Попросту говоря, тот факт, что любое «я» всегда помещается в среду «мы», был искажен и превращен в представление, что никакого «я» вообще не существует, а есть только вездесущее «мы» — никаких индивидуальных субъектов, только обширные сети интерсубъективных и лингвистических структур. (Буддисты, обратите внимание: это не имеет ничего общего с понятием анатта, или несамости, поскольку самость заменяется не Пустотой, а конечными лингвистическими структурами «мы», тем самым умножая, а не преодолевая реальную проблему.)
Со временем Фуко отказался от экстремизма своей ранней позиции, на что старательно не обращали внимания крайние постмодернисты.

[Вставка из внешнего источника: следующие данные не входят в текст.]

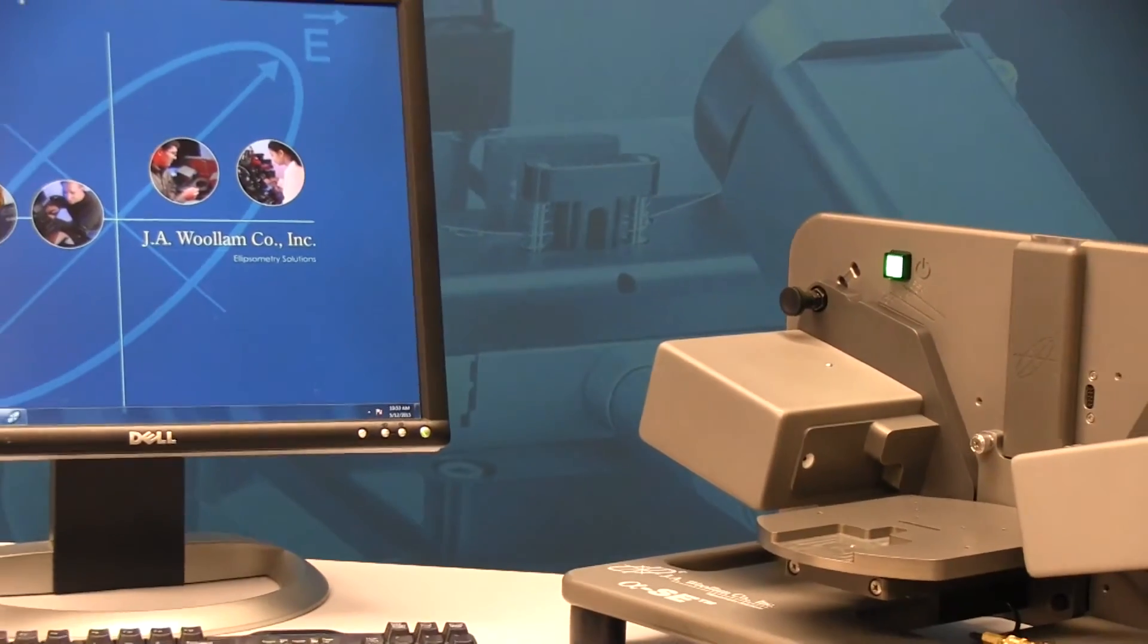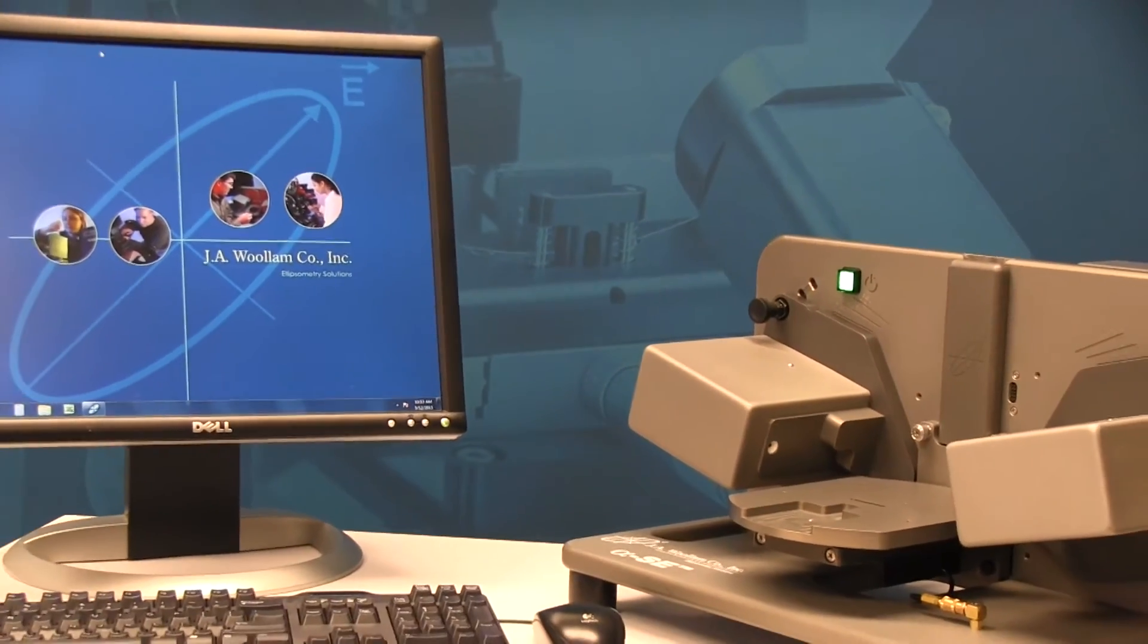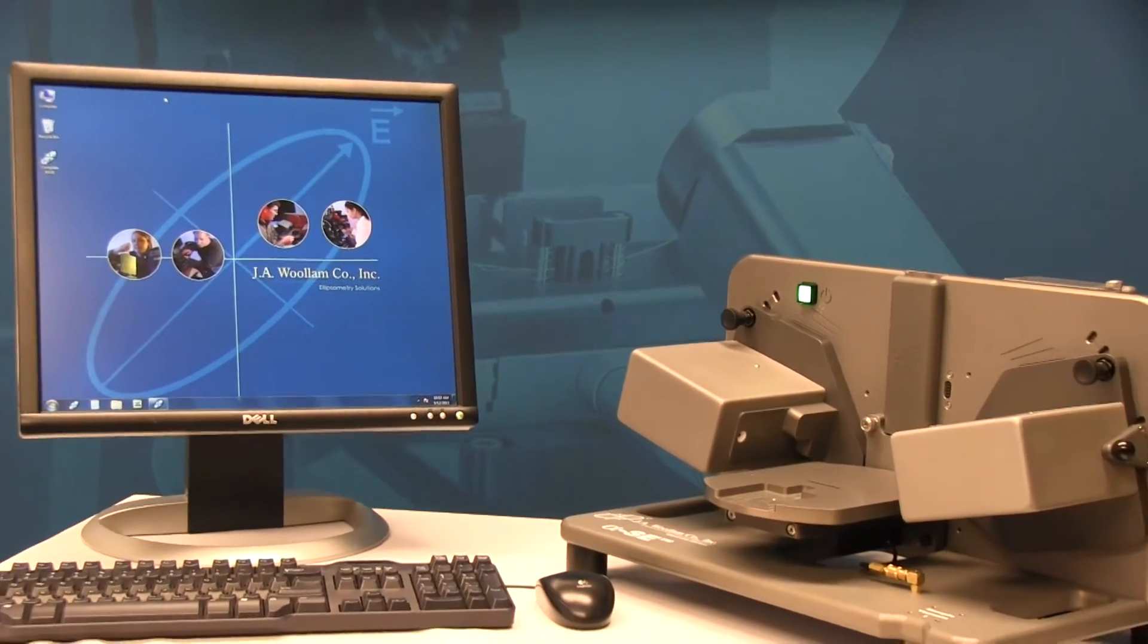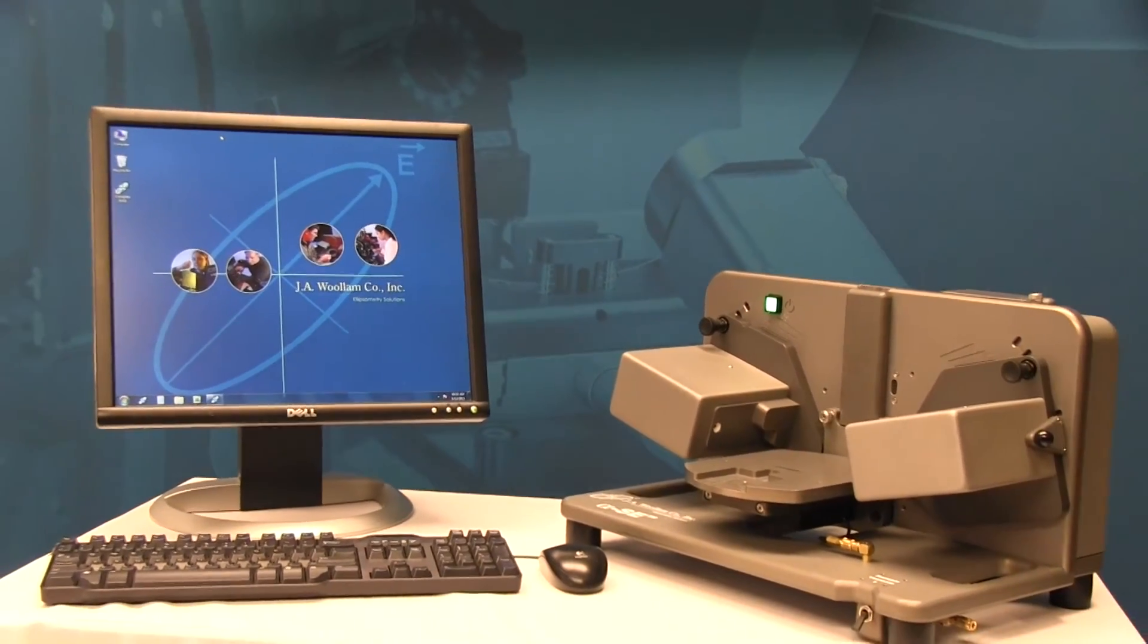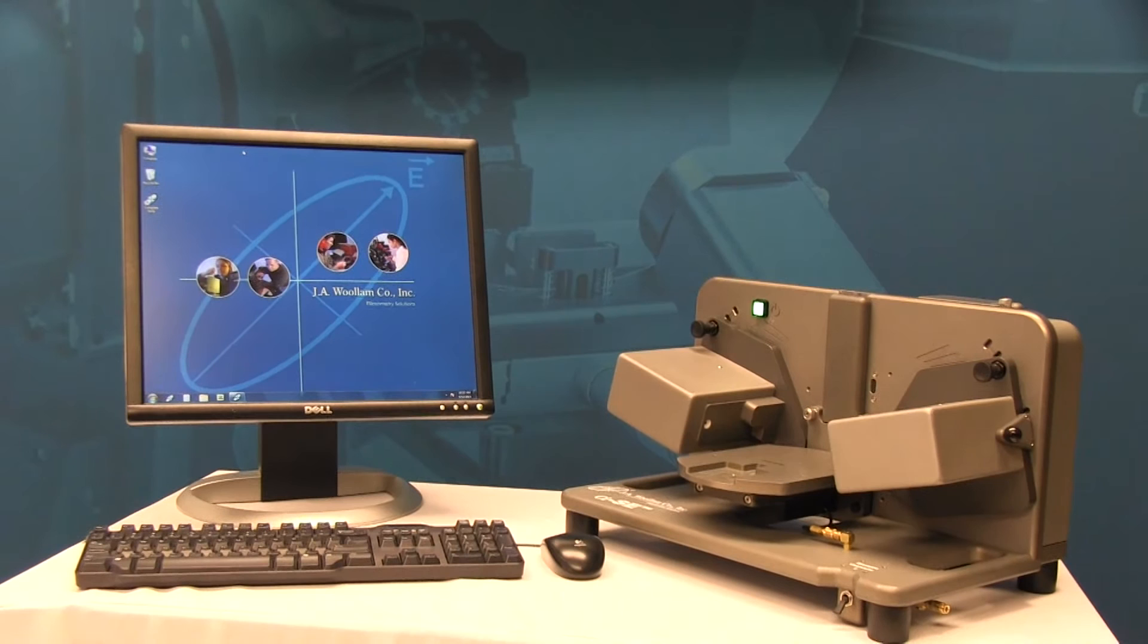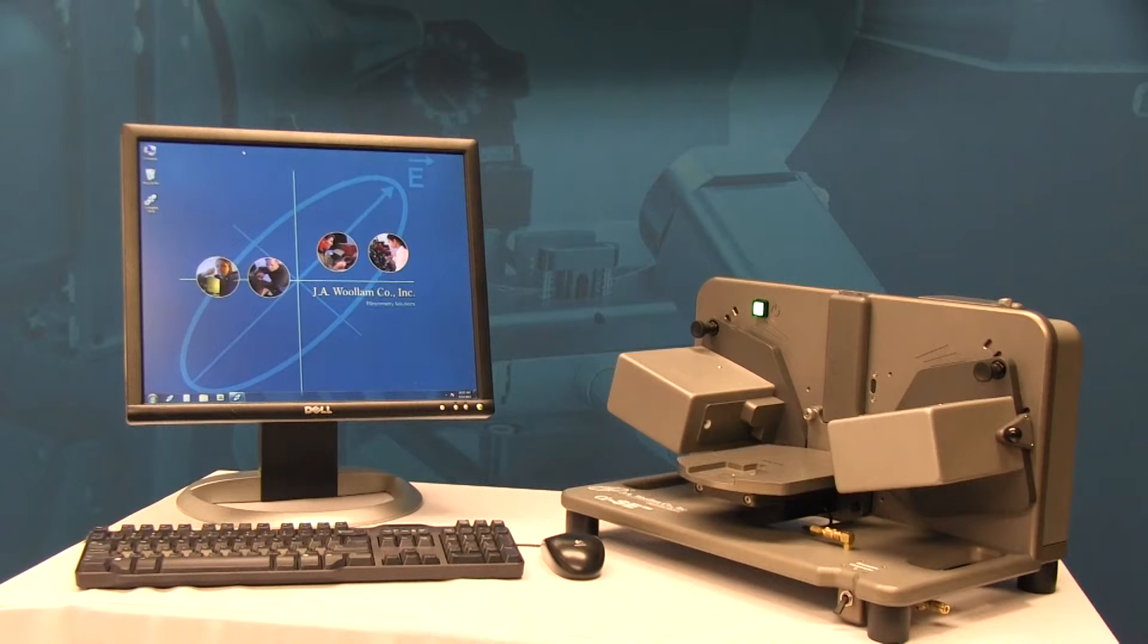The Alpha SE is the ideal ellipsometer for fast, routine measurements of thin film thickness and refractive index. It was designed to provide a perfect balance of accuracy, speed, and price.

В числе других чудес, биографы-постмодернисты начали пытаться писать биографии субъектов, которые, предположительно, вообще не существовали, в результате чего рождались книги, которые были примерно так же интересны, как обед без еды.
Для Соссюра означающее и означаемое были единым целым (холоном); однако постмодернистские постструктуралисты — и это был один из их наиболее характерных ходов — разрушали это единство, пытаясь делать почти исключительный акцент на скользящих цепях одних лишь означающих. Означающие — действительный материал или написанные знаки — получали практически исключительный приоритет. Таким образом они были отрезаны от своих означаемых и их референтов. Эти цепи скользящих или «свободно плывущих» означающих, по мнению постмодернистов, не укоренены ни в чем, кроме власти, предрассудков и идеологии. (Мы снова видим радикальный конструктивизм, столь характерный для постмодернизма: означающие не укоренены в какой бы то ни было истине или реальности вне их самих, а просто создают или конструируют все реалии; если это истинно, то это уже не может быть истинным.)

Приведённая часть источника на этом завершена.